Jesus Christ's (JC) inspiring story is one we seem never to get tired of, heck we endure it every Christmas, and so many films have been made over the subject.

The problem with making a JC film is that you can never satisfy everyone. The 100 % true story will never be know or told, as we can't go back in time.

Not sure I like the idea that executives are making money from selling JC's story, though. But if you said that about everything, you would never see any films about real people.


The bible is apparently the most successful bestseller ever, and Jesus and his disciple's are in that sense arguably the best communicators the world has ever seen. Jesus was famous for using allegories, and this timeless way of illustrating your message is obviously still a widely utilized tool today in different media, film or the written word.

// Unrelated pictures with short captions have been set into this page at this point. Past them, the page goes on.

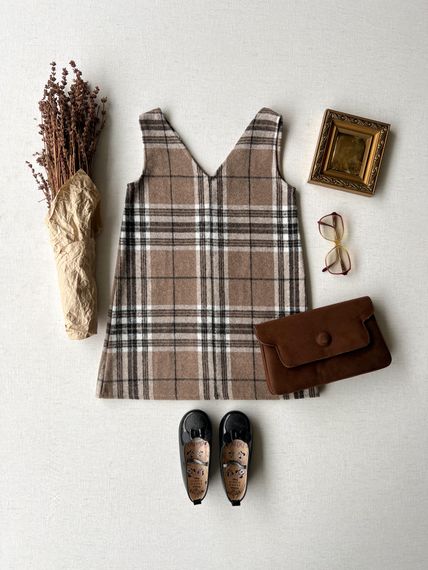 Tan Patterned Plaid Winter Girl's V-Neck Gilet Dress - photo 1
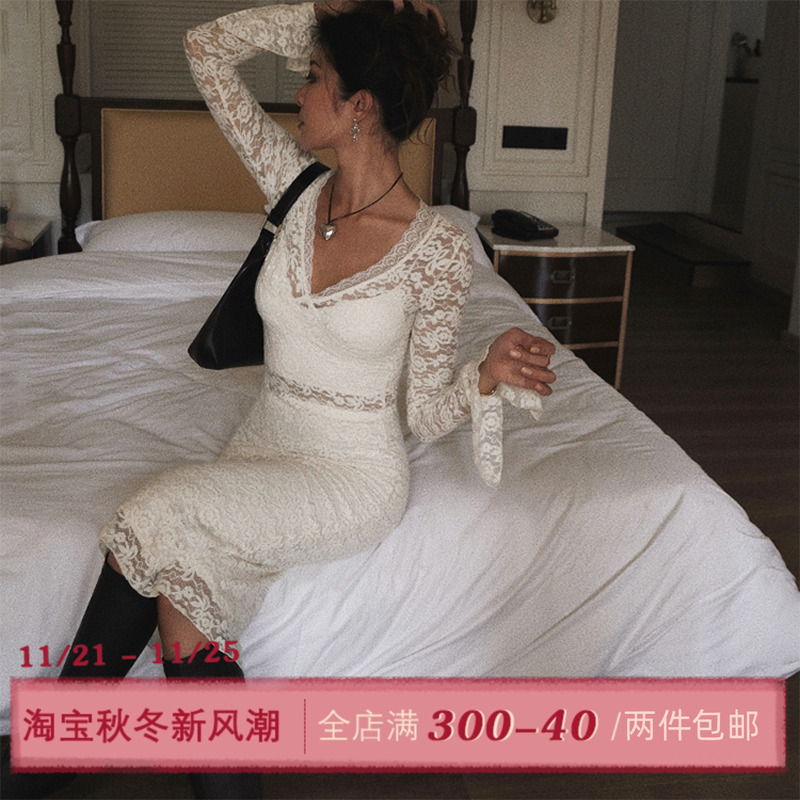 ITSNIKAR法式蕾丝连衣裙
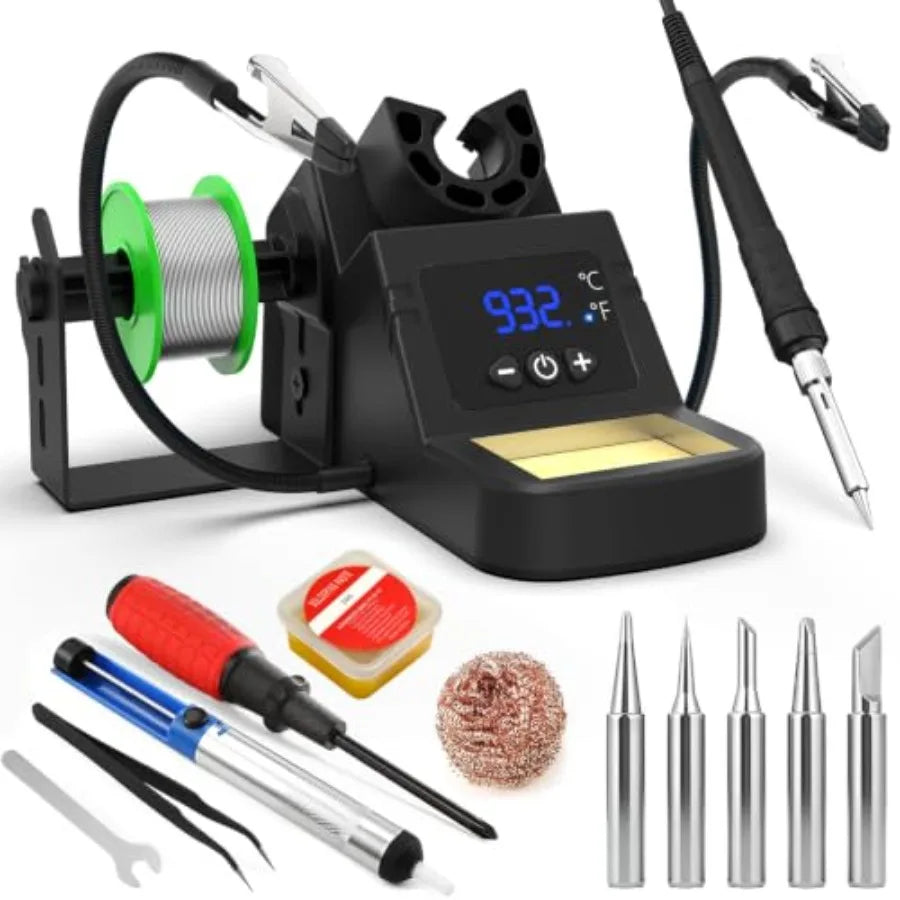 Soldering Station, 130W Digital Display Soldering Iron Station Kit with 2 Helping Hands, 356°F-932°F, Auto Sleep, Solder Wire,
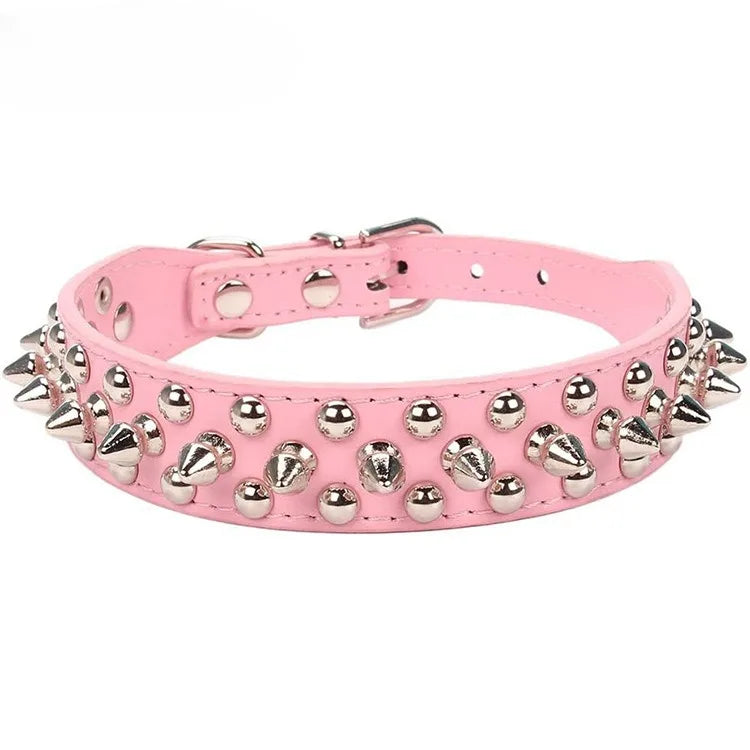 Dog Collar Leather Adjustable Rivet Spiked Punk Style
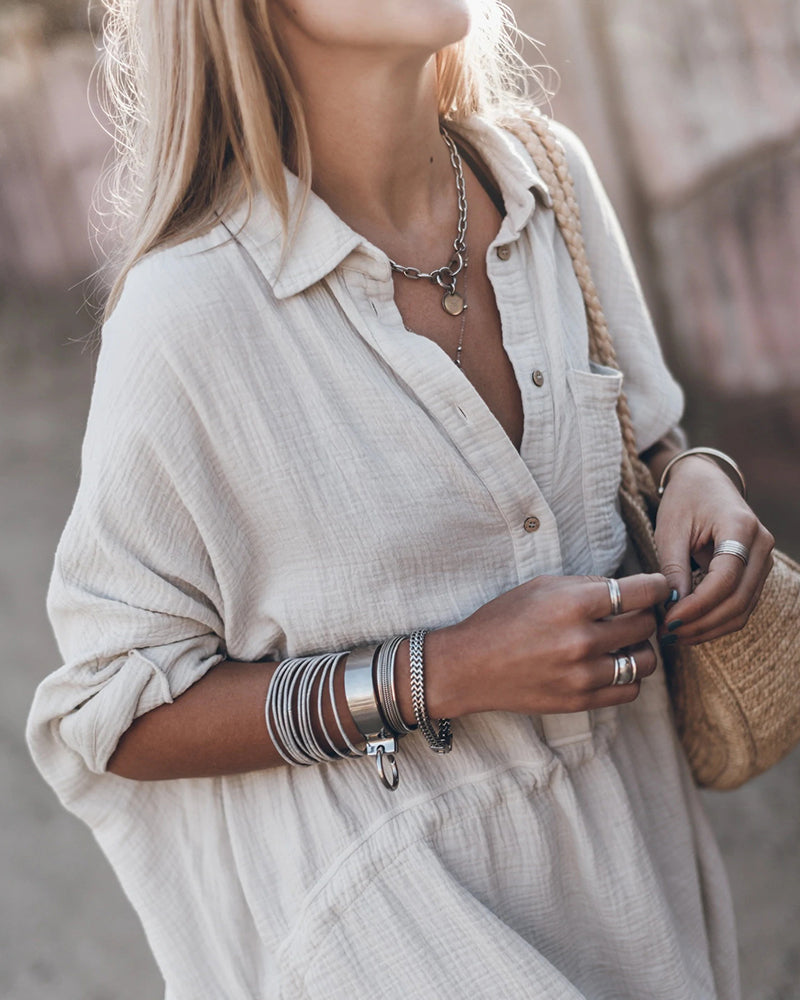 Abito camicia in misto cotone chic da donna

The story is based on a book by Nikos Kazantzakis, which I haven't read. He also wrote "Zorba the Greek", which was turned into a film in the 1960s(I didn't like it).

Scorsese on the actors studio:
“his (Nikos Kazantzakis') take on it was interesting in that he (Christ) learns that he is Jesus, that he is divine, he learns by the end of the picture, and he has to suffer, as we all do in life, to many different degrees, and go through all the things we do. Kids say, if God is God and he dies on the cross, he’s God, he knows he’s going to live, so why is he suffering, he doesn’t have anything to suffer, he doesn’t understand us. Well that’s not the case, this one suffers from the very beginning and fights against it”

TLTOC is one of those films I feel like I can watch every few years. Even though it at times feels a little odd to see Tarantino actor Harvey Keitel, and David Bowie as Pontius Pilate! Perhaps better with mostly unknowns like in POTC.


TLTOC was rated #6 of the 25 most controversial movies of all time, but to me it's refreshing to see JC as a real person, who shows his weaknesses. Interesting to ponder if JC was happy to be elected by God as God's son. TLTOC implies that JC was not aware of the impact his story would have on people.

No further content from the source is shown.